Television Reviews : Hothouse of Intrigue in ‘Passion and Paradise’
The Duke of Windsor, our ears prick a bit to hear, is described as “a pompous little pimple.” His beloved Duchess (Wallis Simpson, who cost Britain its king) is portrayed as callow and greedy.
Meanwhile, mobsters Lucky Luciano and Meyer Lansky are working for U.S. Naval Intelligence in World War II while trying to cut deals to build casinos in the Bahamas.
And we’re only talking subplots!
They are almost more tantalizing than the plot of the two-part ABC movie “Passion and Paradise,” a slow-to-develop thicket of defiant love and murder in the Bahamas based on a sensational 1943 Nassau family scandal and trial that momentarily diverted headlines away from the war.
Airing 9-11 p.m. on Sunday and Tuesday (Channels 7, 3, 10 and 42), “Passion and Paradise” ultimately develops into a hothouse of intrigue if you can endure the pedestrian opening scenes and hold on for the murder trial that consumes Part 2.
The figures are true-life characters: Central among them are gold magnate Sir Harry Oakes (Rod Steiger, in a surprisingly vulnerable performance), an overprotective father who is found bludgeoned and burned in his bed; his luminous, smitten 19-year old daughter (Catherine Mary Stewart), and her gigolo count of a husband (Armand Assante), who becomes the prime suspect in the millionaire’s death.
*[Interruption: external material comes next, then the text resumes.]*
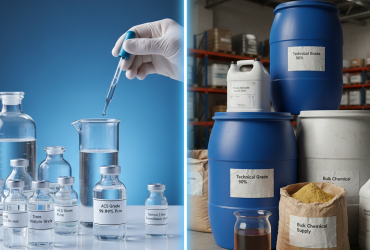 تفاوت گرید آزمایشگاهی و صنعتی مواد شیمیایی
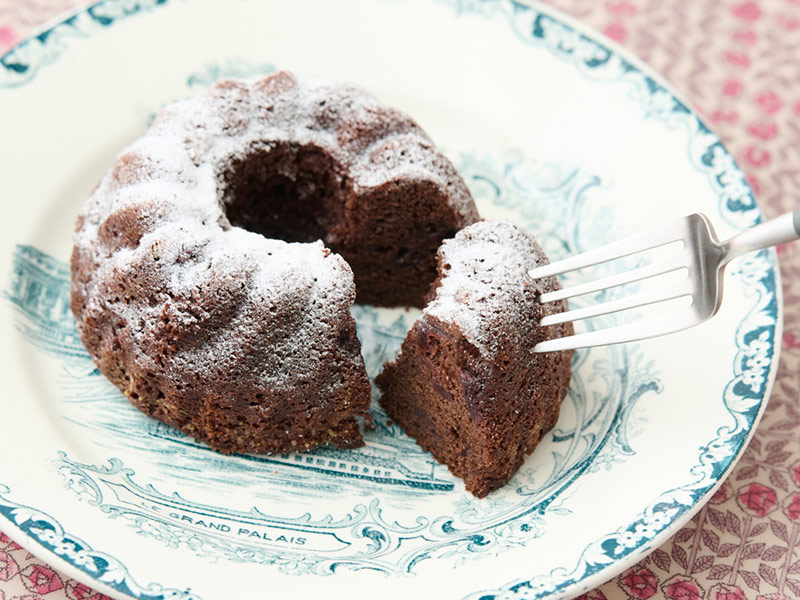 画像: イギリスのお菓子本で見た、思い出のチェリーケーキ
The production, shot in Jamaica with Harvey Hart directing, is wildly overplotted, occasionally hokey and structurally artless. What’s most interesting, without question, is the ridicule in the portraits of the Duke and Duchess of Windsor, superbly played by Andrew Ray and Linda Griffiths.
The view of the displaced, petty royal couple, not to mention the insidious marriage among the notorious Luciano, Lansky and Uncle Sam to keep wartime labor peace on New York docks (“We’re spy busters!” chortles Lansky), is ripe social history.
Meanwhile, there’s harassed Sir Harry Oakes and bloody fingerprints to stew over. Oh, yes, in another diversion, dissident Jamaicans are plotting a revolution. Actually, there are three movies here, plus passion and paradise.